3. Enforcing the rules
Setting up the appropriate tools and configuring them correctly is essential for enforcing code quality rules effectively. For example, if you’re using Git and Github for source control, you will be able to configure it for several actions before the code gets to the repository. Of these actions, some of the most important are:
- Add a pre-commit hook that runs your linters. In this method, developers’ code will be checked for correct formatting before being pushed.
- Block commits directly in the long-lived branches for all non-admin users and always use ` Pull Requests to merge the code.
- Use a standard format for your pull requests, making it easy for reviewers to grasp the modifications you’ve made.
- All pull requests (PRs) should have at least one code review. Two reviews/approvals should be required for higher environments (e.g. maybe one developer and one QA). For example: merges into the master branch that will be automatically deployed into UAT and Staging.
- Require code quality metrics for all PRs (automatically run this as part of the build).
- Require unit-tests coverage of minimal percent for all PRs (automatically run this as part of the build)
- Require 100% successful unit tests on all PRs (automatically run this as part of the build)
- One option to improve quality is to pull the core modules from other repositories (two reviewers, higher required tests coverage)
The best way to guarantee that the development team produces high-quality code is to have a clear set of quality rules, spread that knowledge widely, and use automated tools whenever possible to enforce those rules.
This can be your code delivery framework, your development trademark.
To that end, striving toward a solid delivery structure is essential. A set of rules ensures that high-quality code is produced at every software development life cycle stage.

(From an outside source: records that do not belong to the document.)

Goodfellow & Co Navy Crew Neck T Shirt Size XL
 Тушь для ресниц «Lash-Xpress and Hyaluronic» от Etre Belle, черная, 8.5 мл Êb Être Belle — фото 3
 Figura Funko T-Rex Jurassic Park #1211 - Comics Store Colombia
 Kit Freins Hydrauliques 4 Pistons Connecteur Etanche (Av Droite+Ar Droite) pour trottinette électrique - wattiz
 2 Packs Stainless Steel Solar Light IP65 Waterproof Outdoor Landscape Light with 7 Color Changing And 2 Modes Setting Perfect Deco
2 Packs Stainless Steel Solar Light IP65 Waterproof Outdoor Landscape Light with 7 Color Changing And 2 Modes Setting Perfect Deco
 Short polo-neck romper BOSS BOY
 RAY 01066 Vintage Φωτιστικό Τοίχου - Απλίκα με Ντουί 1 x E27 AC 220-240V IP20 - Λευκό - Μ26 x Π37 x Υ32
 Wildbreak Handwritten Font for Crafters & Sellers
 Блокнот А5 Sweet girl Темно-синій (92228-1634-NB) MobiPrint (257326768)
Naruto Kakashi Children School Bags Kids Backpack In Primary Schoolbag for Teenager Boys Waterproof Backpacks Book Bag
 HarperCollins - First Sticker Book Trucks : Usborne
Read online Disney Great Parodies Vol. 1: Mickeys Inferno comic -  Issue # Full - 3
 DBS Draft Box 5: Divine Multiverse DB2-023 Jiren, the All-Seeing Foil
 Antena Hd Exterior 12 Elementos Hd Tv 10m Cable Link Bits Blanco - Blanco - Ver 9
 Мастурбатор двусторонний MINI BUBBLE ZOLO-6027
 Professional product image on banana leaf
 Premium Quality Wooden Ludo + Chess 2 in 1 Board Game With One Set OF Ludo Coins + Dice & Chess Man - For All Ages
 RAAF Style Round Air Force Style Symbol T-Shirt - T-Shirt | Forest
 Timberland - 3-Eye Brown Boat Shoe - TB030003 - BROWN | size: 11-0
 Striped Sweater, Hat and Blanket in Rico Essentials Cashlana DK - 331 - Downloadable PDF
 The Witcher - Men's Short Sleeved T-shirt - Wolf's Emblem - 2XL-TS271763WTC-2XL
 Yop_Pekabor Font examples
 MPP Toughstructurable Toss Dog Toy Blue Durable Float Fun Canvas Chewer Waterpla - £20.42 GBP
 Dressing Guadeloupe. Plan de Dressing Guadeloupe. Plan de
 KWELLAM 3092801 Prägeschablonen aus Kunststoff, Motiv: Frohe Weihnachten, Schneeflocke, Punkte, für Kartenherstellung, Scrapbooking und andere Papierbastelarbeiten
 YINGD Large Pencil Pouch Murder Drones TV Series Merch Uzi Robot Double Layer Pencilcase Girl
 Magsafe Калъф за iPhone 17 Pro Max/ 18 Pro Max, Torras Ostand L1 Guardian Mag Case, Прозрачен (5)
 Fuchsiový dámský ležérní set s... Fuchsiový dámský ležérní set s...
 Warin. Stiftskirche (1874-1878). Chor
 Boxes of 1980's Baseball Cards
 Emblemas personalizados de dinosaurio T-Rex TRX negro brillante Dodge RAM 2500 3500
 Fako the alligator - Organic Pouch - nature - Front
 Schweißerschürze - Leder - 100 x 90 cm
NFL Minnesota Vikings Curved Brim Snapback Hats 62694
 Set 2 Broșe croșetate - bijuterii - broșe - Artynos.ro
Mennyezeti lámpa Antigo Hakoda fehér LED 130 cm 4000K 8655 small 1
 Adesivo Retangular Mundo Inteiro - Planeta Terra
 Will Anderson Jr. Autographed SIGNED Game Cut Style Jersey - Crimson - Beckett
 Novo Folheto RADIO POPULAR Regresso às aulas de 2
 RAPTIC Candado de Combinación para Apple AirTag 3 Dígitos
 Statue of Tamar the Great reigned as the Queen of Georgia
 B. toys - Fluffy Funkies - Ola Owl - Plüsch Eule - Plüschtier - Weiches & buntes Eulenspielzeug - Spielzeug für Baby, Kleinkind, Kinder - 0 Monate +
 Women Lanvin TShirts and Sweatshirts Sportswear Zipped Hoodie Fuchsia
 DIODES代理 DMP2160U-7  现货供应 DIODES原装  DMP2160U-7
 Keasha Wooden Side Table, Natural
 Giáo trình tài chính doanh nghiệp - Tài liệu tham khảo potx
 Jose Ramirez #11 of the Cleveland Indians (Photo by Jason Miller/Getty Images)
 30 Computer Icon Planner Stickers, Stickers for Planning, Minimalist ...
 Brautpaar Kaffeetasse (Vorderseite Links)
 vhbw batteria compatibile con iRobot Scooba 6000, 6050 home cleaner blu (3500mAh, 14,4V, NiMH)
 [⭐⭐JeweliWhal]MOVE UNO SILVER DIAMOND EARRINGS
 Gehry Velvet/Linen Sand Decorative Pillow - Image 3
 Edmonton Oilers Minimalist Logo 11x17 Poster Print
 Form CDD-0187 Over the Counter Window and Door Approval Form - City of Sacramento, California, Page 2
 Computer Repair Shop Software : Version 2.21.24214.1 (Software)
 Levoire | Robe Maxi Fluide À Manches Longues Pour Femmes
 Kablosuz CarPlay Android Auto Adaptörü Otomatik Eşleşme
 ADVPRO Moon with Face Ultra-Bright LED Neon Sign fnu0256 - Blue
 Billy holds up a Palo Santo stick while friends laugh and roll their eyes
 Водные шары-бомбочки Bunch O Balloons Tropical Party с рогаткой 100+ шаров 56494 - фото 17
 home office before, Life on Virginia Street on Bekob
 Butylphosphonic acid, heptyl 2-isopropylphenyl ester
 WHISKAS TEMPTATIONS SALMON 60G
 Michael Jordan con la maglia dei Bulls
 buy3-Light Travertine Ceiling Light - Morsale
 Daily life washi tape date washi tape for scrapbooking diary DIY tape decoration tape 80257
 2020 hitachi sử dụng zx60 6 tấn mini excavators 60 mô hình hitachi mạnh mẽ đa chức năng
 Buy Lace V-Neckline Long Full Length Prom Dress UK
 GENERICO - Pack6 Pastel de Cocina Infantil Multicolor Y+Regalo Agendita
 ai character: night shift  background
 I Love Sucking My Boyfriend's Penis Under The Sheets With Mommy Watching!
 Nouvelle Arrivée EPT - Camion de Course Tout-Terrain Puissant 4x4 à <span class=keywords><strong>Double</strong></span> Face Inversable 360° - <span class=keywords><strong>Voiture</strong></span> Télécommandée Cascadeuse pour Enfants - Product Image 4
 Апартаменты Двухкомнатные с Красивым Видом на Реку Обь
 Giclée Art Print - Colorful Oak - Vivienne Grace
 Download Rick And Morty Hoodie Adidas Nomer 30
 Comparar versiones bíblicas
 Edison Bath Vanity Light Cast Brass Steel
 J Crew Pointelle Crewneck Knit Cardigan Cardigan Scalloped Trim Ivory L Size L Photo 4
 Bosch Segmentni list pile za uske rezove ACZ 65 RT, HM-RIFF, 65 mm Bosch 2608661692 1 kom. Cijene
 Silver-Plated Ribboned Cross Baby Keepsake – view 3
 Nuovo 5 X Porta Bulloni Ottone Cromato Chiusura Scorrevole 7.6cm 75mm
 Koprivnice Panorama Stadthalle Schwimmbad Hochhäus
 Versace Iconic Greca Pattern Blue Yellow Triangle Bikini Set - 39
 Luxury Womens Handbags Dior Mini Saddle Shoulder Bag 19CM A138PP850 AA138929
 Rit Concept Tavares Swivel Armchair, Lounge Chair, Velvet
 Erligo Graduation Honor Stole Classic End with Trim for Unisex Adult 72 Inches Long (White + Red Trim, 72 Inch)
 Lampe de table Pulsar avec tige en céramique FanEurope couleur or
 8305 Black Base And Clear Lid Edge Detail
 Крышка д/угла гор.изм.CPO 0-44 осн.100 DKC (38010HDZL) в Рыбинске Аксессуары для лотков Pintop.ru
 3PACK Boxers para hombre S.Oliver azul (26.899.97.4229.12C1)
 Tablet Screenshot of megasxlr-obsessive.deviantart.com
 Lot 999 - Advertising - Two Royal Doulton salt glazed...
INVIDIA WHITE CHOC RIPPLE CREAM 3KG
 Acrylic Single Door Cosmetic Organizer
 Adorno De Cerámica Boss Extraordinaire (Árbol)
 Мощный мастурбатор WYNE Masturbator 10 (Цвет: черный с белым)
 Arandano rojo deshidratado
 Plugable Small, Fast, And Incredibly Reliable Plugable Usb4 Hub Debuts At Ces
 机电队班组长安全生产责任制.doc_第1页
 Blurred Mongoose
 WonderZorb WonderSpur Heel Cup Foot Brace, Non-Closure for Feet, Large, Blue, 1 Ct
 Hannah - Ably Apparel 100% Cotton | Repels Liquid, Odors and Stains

So in order to improve code quality:
a. Use a coding standard
- Train the developers
- Help developers comply with the standard
b. Analyze the code (automatically) – before code reviews; it’s best to analyze code as soon as it’s written.
c. Enforce the rules – follow code review best practices & take advantage of automated tools
d. Refactor legacy code (if necessary) – clean up your codebase and lower its complexity.
But remember that quality code is only part of the puzzle that makes up high-quality software. The quality of the code is essential, but not sufficient for creating high-quality software.